*** Dataset excerpts ***

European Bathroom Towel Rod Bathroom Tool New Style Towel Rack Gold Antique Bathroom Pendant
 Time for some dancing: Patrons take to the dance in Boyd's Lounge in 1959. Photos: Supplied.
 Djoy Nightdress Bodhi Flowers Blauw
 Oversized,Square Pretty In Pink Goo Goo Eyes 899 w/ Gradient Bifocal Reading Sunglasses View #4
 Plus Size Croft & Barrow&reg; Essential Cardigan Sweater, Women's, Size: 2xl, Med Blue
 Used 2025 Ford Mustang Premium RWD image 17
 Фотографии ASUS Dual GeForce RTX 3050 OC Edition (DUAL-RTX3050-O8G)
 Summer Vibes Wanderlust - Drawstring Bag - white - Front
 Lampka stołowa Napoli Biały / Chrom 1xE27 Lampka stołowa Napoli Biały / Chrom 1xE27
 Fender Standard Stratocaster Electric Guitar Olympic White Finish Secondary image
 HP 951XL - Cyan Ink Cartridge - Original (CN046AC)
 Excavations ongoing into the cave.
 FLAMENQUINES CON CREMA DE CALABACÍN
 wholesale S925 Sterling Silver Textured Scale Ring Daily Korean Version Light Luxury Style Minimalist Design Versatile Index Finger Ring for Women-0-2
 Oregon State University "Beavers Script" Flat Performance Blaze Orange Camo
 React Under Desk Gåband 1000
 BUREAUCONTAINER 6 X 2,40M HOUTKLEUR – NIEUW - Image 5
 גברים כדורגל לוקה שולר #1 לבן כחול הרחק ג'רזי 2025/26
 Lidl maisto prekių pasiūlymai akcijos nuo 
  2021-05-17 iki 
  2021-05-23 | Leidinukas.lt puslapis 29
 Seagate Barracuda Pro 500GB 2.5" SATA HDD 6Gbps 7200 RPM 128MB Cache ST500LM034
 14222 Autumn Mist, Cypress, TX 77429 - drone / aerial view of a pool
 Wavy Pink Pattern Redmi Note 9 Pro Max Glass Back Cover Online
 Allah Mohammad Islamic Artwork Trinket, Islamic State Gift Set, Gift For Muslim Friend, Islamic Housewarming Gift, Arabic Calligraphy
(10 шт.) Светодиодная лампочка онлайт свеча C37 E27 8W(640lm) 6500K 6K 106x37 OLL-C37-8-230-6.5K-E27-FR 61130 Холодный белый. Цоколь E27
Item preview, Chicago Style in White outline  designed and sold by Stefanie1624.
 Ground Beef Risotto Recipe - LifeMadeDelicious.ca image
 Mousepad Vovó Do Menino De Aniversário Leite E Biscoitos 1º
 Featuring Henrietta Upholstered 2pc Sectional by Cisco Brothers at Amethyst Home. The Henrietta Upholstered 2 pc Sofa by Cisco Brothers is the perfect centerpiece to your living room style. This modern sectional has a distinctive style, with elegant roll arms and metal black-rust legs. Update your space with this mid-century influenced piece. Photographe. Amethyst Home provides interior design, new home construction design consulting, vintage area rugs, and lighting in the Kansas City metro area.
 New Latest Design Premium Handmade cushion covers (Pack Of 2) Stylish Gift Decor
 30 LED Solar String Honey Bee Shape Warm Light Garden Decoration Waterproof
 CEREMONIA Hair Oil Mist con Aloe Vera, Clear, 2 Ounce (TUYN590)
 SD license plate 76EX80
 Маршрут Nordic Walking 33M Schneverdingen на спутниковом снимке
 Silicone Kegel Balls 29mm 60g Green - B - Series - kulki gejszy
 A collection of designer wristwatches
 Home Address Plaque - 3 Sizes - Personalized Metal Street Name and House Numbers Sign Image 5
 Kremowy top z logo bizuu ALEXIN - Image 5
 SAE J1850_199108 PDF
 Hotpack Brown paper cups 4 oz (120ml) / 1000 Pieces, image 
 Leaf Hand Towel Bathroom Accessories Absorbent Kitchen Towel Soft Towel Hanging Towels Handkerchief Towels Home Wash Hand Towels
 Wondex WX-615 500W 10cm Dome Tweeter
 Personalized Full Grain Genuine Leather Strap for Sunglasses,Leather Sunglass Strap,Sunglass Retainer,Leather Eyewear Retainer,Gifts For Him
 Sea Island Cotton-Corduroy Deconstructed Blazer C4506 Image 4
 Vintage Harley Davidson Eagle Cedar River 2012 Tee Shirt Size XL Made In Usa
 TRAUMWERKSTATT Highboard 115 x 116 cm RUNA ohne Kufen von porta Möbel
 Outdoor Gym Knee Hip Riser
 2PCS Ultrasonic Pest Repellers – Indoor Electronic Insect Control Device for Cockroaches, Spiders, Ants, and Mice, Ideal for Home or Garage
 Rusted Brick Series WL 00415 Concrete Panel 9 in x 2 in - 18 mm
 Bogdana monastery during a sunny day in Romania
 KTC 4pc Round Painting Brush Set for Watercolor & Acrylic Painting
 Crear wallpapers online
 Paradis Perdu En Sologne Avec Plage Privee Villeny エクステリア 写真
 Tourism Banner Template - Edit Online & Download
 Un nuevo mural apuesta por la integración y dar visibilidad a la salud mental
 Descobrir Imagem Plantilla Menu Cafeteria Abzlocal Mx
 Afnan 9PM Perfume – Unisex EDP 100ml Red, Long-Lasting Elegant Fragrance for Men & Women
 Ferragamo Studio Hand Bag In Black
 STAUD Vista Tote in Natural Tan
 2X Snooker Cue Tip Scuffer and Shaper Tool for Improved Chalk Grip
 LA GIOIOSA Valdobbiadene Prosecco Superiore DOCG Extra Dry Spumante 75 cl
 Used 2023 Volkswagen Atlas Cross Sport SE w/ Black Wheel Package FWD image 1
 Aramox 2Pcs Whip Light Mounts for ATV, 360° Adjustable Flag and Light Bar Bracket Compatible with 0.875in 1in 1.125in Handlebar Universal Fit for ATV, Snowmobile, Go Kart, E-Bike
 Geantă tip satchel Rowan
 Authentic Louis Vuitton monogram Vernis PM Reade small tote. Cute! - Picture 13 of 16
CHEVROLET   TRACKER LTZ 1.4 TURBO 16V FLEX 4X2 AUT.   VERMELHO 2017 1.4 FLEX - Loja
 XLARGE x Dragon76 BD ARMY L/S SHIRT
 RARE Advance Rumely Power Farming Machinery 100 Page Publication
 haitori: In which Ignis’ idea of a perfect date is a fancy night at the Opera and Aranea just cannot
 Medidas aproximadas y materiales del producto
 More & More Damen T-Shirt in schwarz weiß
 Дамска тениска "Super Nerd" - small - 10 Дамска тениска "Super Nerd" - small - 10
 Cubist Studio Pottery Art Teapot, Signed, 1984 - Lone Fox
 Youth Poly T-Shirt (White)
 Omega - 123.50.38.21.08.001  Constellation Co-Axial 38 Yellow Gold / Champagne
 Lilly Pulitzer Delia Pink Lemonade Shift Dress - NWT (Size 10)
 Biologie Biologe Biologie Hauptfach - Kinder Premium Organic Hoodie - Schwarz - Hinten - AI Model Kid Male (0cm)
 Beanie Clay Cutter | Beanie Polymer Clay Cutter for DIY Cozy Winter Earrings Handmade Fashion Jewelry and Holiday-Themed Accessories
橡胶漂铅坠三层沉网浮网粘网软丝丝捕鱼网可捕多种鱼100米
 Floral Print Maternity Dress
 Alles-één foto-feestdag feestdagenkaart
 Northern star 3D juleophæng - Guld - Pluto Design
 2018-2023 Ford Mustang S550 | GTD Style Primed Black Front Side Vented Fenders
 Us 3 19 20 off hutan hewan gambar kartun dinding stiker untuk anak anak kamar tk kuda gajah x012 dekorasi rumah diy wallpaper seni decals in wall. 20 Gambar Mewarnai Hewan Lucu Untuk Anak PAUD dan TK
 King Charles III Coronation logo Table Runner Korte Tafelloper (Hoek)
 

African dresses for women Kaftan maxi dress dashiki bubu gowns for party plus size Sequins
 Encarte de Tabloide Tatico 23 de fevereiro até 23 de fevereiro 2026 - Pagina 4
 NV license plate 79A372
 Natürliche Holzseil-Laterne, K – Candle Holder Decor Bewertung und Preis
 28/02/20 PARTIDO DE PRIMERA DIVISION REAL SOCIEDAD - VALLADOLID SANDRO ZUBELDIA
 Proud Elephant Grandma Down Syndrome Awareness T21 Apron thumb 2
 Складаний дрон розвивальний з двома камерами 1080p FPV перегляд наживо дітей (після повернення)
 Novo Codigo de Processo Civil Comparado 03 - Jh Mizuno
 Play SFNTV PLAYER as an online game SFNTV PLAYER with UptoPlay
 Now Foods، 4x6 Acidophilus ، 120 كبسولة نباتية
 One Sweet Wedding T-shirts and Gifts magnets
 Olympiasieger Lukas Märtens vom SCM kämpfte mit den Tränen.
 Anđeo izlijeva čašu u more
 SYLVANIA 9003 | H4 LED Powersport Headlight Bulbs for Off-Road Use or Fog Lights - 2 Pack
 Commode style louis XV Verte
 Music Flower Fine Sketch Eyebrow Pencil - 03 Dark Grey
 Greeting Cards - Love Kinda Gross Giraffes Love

*** End of Dataset excerpts ***

Task item: Out of the material above, output word for word the line with "SAE J1850_199108 PDF", the line with "Personalized Full Grain", and all lines between them, with nothing else.

Solution for this exercise:
 SAE J1850_199108 PDF
 Hotpack Brown paper cups 4 oz (120ml) / 1000 Pieces, image 
 Leaf Hand Towel Bathroom Accessories Absorbent Kitchen Towel Soft Towel Hanging Towels Handkerchief Towels Home Wash Hand Towels
 Wondex WX-615 500W 10cm Dome Tweeter
 Personalized Full Grain Genuine Leather Strap for Sunglasses,Leather Sunglass Strap,Sunglass Retainer,Leather Eyewear Retainer,Gifts For Him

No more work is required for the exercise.